Contrariamente a ciò che in genere pensiamo in riferimento alla nostra esperienza su Internet, un metaverso è un ambiente immersivo 3D condiviso da più utenti, in cui è possibile interagire con gli altri tramite avatar. Un metaverso può, con il supporto della giusta tecnologia, sembrare la vita reale, con tutti i soliti elementi di lavoro, gioco, commercio, amicizia, amore: un mondo a parte.
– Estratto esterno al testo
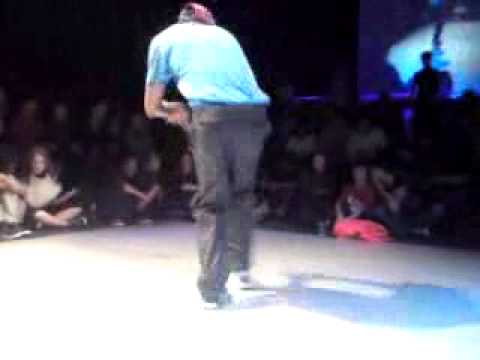bboy RW & El Moreno - Throwdown kingz Show case @ breakjunkies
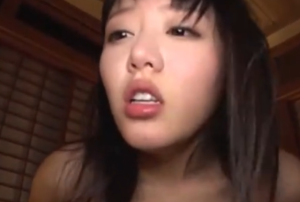 【乳首イッちゃい】乳首舐められただけでイッちゃいそう喘ぐ人妻種付け旅行エロ動画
Forse il metaverso prototipo più noto è il mondo virtuale online Second Life, il cui stesso nome implica un’esistenza alternativa. Si potrebbe anche dire che altri giochi sono metaversi a sé stanti: World of Warcraft, Everquest, Fortnite, Animal Crossing. Ognuno di questi offre la propria versione di un mondo immersivo, sebbene non abbiano la capacità di assumere completamente il controllo dei nostri sensi. 

La maggior parte degli utenti sperimenta questi giochi guardandoli dall’esterno: schermi davanti e al centro, con altoparlanti sui lati. Le azioni sono mediate da una tastiera, un mouse, un trackpad o un controller di gioco invece delle mani e dei piedi dei giocatori.

La tecnologia sta iniziando a cambiare questa situazione. Schermi ad alta densità, occhiali per la realtà virtuale, audio surround e audio spaziale stanno favorendo esperienze sempre più coinvolgenti. Le telecamere stanno guadagnando capacità 3D e i singoli microfoni stanno lasciando il posto a array di microfoni che catturano il suono con una profondità e una posizione migliori. 

La realtà aumentata, che sovrappone oggetti virtuali a un feed video del mondo tangibile, fornisce un ponte tra esperienze puramente virtuali e analogiche o reali. Ci sono anche progressi verso l’aggiunta di un senso del tatto, sotto forma di schermi multitouch, tecnologie tattili, guanti di controllo e altri dispositivi indossabili.

I giganti della tecnologia fanno da traino

Il metaverso ha le sue radici nei giochi, ma le cose stanno cambiando, come dimostra il modo in cui alcuni amministratori delegati della tecnologia ora parlano apertamente delle possibilità legate al metaverso. Mark Zuckerberg di Facebook e Satya Nadella di Microsoft hanno già esposto pubblicamente le nuove potenzialità.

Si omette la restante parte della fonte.